What we should be seeing is that the ethnanol mandate is pushing up the cost of production of foods that have been cheap due to directly subsidized corn - foods like beef, chicken, and foods containing HFCS. Is that happening? I don't know. Do you? You should find out before you make these kinds of pronouncements.

Eaters?

.

I hate to say it, but I think I agree with ostap. I really, really, really hate the US' farm policy. But Obama has been very clear all along what his priorities in office would be. Health Care, stimulus and tax shifting, green energy policy, and getting the hell out of Iraq. That's a lot to have on one's plate. If he does all that and doesn't get to farm subsidy reform, I can live with that.

In fairness, Harkin and Grassley (the Iowa Senators) were leaders in the fight to reform the subsidy system in the latest farm bill. They were, as I recall, blocked by the Southern Senators. This is not to deny that they are too closely tied to the ag industry. Last year, I was at this event which Harkin had to leave early. We were told that he had to go work on the "Farm Bureau, I mean Farm Bill." My parents and I agreed it was a Freudian slip.

http://www.washingtonpost.com/wp-dyn/content/article/2006/12/21/AR2006122101634_pf.html

Despite being the former Governor of Iowa, Vilsack has come out against subsidies in the past.

I used to say, before this election, the only subject I felt "political" towards was food. I took my eye off the ball for six months and look what happens? Tom Vilsack for Secretary of Agriculture! My husband and I are self employed; I own a tiny summer restaurant in upstate NY where we serve a limited menu based on seasonal, local food. We raise turkeys, feed our friends' pigs and chickens with scraps from our restaurant. Our business model is not an easy or profitable one in a rugged terrain whose locals can afford either an evening of drinking rounds of long neck budweisers or a dinner out, but not both. We support our local farmers who have felt the increase in demand for their produce as the U.S. becomes more aware of eating locally.
Last March my son who had graduated college in January, began volunteering for the Obama campaign in Pennsylvania. My husband and I encouraged him to keep going; we would help him in any way we could. He went to North Carolina, as a volunteer. Then Kentucky, as a volunteer. Ultimately he ended up as a staffer in NH. Again, like many parents of the kids in the army of the Obama campaign did, we helped: money, food, office supplies, gas, our car, and our time. The four days before the election we spent in a hotel in NH with friends and family who had traveled from other states to help the NH GOTV effort.
Tom Vilsack? Should I have spent my resources and time on the Slow Food movement instead of the Obama campaign? Walk into any bookstore and you'll see The Omnivore's Dilemma, Fast Food Nation, About Food, Animal, Vegetable, Miracle on the the front rack waiting to be picked off like the candy in the impulse section of the grocery store. Why? Because Americans are reading those books. The electorate is not as gullible as the GOP imagined. Do we have to accept the a continuation of corn subsidies that support the interests of "food producers rather that food eaters?" Food Eaters Unite! Change is possible. Yes, we can!

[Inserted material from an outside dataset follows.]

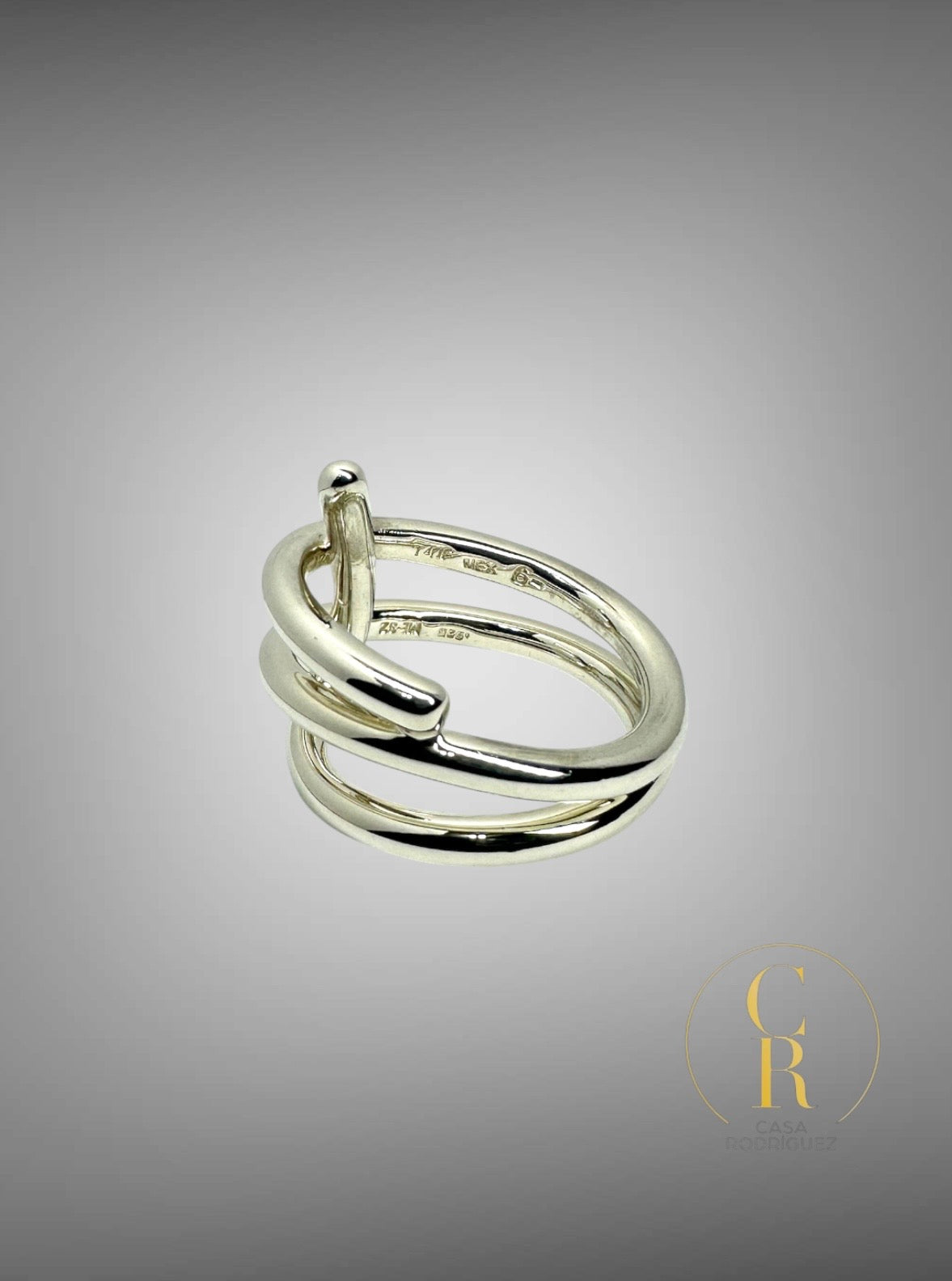 Anillo Tane 3 Hilos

Maybe this is a Nixon/China thing. Who else could positively affect farm subsidies/ethanol policy without paying the political price other than an Iowan governor?

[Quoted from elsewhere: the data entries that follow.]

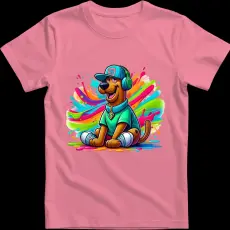 Createyou Scooby-Doo 7 - Gyermek , Pink , XL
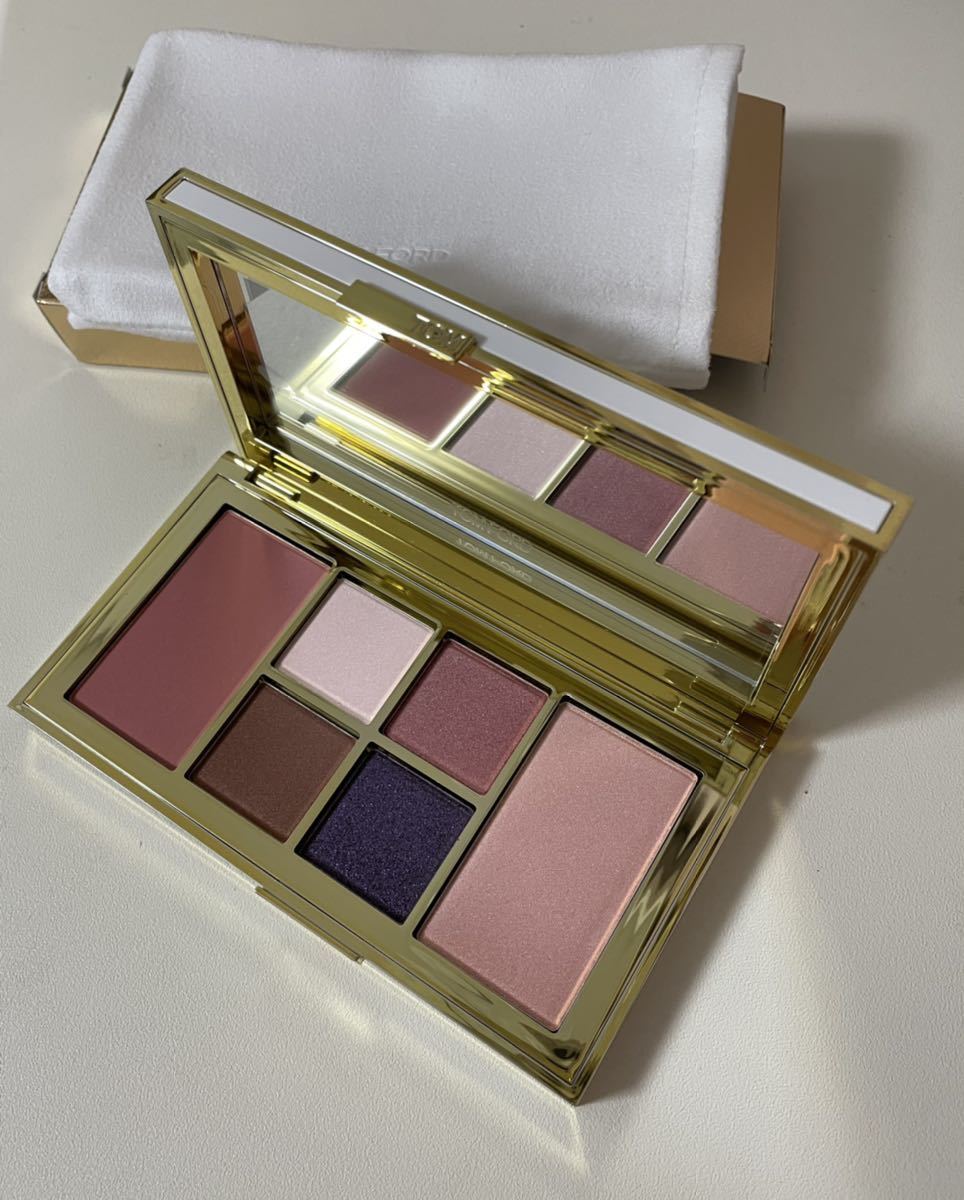 2021年激安 新品、未使用 TOM FORD トムフォード ソレイユ アイ アンド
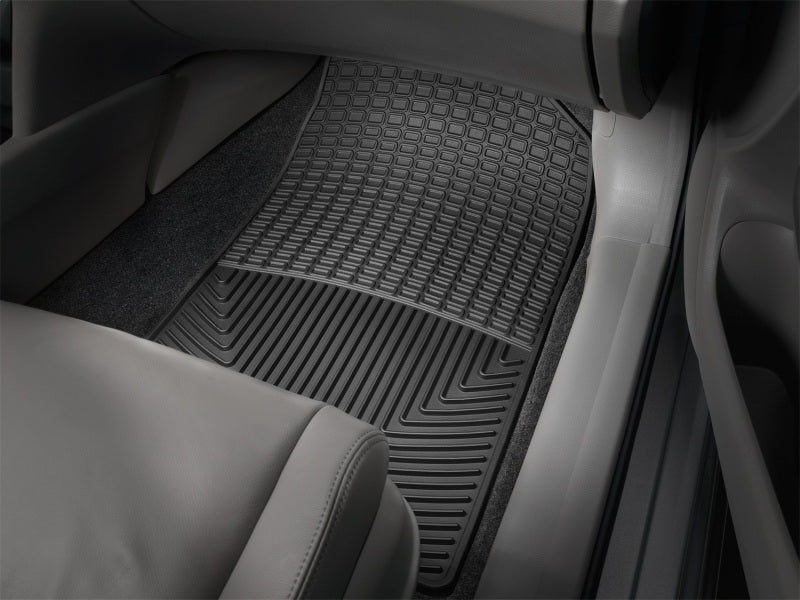 WeatherTech 08-12 Honda Accord Front Rubber Mats - Black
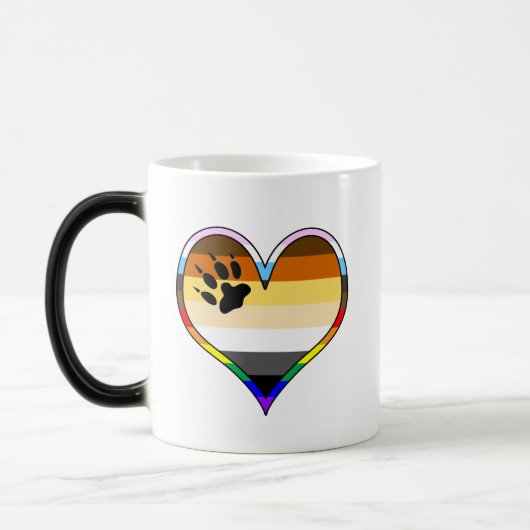 Mug Magique Fierté de l'ours (Gauche)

If Obama thinks he would have significant influence with Vilsack, I think it's a brilliant pick.

Your framing of this is odd: "Worse, elevating Vilsack is a sign that the Obama administration will continue treating agricultural policy..." The Obama administration is nowhere in the CQ article. The only people quoted are the Senator form Iowa's staff. Not only is all of this annoying rumor and innuendo (as pointed out by the other commenters here), it's rumor and innuendo based on obviously compromised sources. See this for more on the overall point, and please then see this.

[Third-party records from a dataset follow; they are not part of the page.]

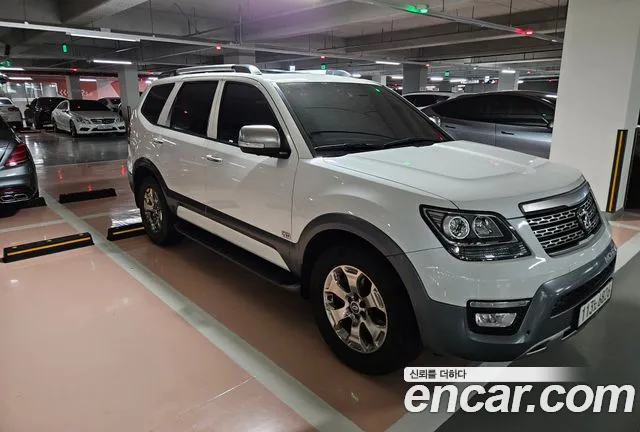 Kia The New Mohave Diesel 3.0 4WD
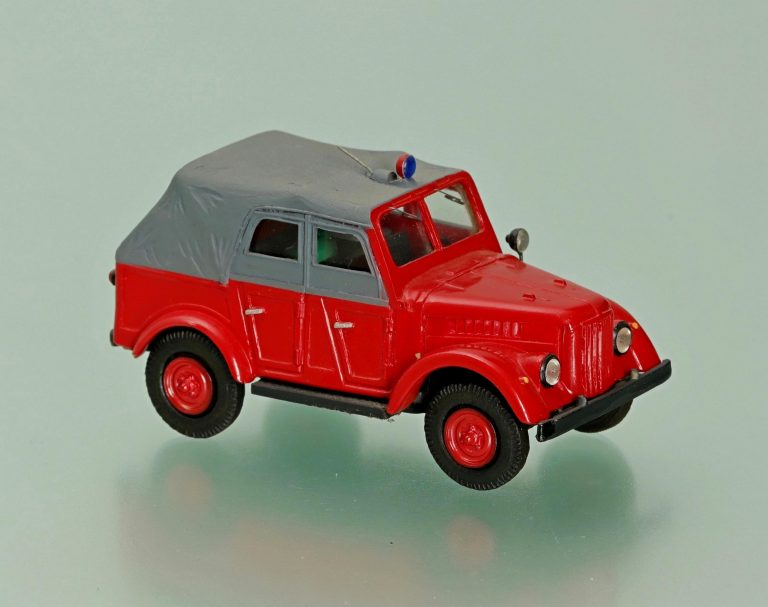 АШП-4( 69А) мод. 40, он же ПМШ-40, 4-дверный пожарный штабной автомобиль на базе ГАЗ-69А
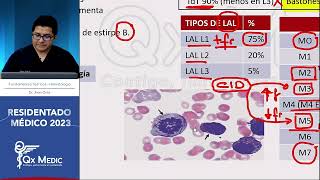 Hematología  Neoplasias Leucemias Agudas [upl. by Tine]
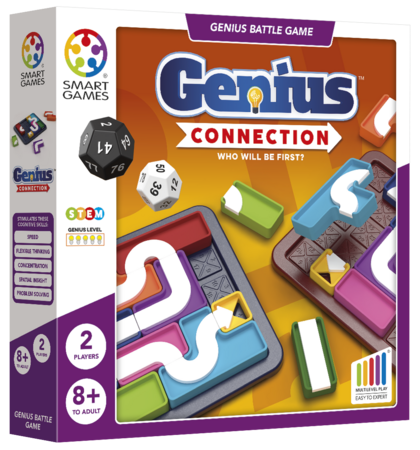 SMART GAMES mäng Genius Connection LT/LV/EE, SMA#HP006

Given that Obama was long in the bag for his home-state's corn producers, I'm not entirely sure this should surprise anyone, mediocre pick or no.

"Don't talk down to people about food production unless you're sure they're all idiots."


Most folks are idiots when it comes to food production and ag policy. That's because they don't understand or even consider the fundamental priorities of any rational agriculture policy - over production and price stability. Ag policy must be concerned first and most importantly with preventing shortages or wild swings in price.

There are certainly criticisms to be made of things like subsidies, but some seem to just pass over the necessity of always making sure there's plenty of food at the market and that a gallon of milk (for example) doesn't cost $3.50 today, $4.50 tomorrow, $5 the day after and then 3 bucks the day after that.

Mike

I don't really get the politics of this pick, assuming it's actually in the works.

Vilsack runs a dismal presidential campaign, can't get any support in even his home state. Then he becomes Clinton-backer-in-chief in Iowa.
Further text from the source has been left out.